Evaluation of Hadoop for IO-intensive applications

Project Information

Discipline
Computer Science (401) 
Orientation
Research 
Abstract

One advantage of MapReduce is its data-affinity aware scheduling, which makes MapReduce more efficient than traditional HPC systems for data-intensive applications. In this project, we want to evaluate the performance of Hadoop for IO intensive applications. 

Intellectual Merit

We closely investigate how Hadoop performs to run IO-intensive applications. For Hadoop, the execution time of MapReduce jobs is impacted by many factors.

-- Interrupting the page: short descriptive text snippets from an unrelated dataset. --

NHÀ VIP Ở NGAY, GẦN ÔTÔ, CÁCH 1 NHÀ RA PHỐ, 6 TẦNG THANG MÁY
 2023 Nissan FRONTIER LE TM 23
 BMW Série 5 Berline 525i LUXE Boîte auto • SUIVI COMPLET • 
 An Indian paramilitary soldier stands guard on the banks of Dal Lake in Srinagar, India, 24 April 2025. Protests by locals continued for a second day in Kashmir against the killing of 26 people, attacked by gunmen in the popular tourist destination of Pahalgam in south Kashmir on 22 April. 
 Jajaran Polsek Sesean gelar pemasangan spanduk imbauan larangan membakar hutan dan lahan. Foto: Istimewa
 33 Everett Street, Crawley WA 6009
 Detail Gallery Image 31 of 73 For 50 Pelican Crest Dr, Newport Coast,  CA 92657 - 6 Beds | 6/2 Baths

We choose some important factors (e.g. input data size, the number of nodes) and measure how they impact the job run time.

Broader Impacts

This project enables Hadoop users to understand how the factors we considered influence performance. As a result, those factors can be accordingly tuned by users to maximize the performance for their specific environments.

Project Contact

Project Lead
Zhenhua Guo (zhguo) 
Project Manager
Zhenhua Guo (zhguo) 

Resource Requirements

Hardware Systems
  • hotel (IBM iDataPlex at U Chicago)
  • india (IBM iDataPlex at IU)
  • sierra (IBM iDataPlex at SDSC)
 
Use of FutureGrid

We wish to use bare metal machines to test how IO-intensive applications perform on Hadoop in FutureGrid.

Scale of Use

We plan to use 20-60 HPC nodes.

Project Timeline

Submitted
10/28/2010 - 15:21 
Completed
09/06/2012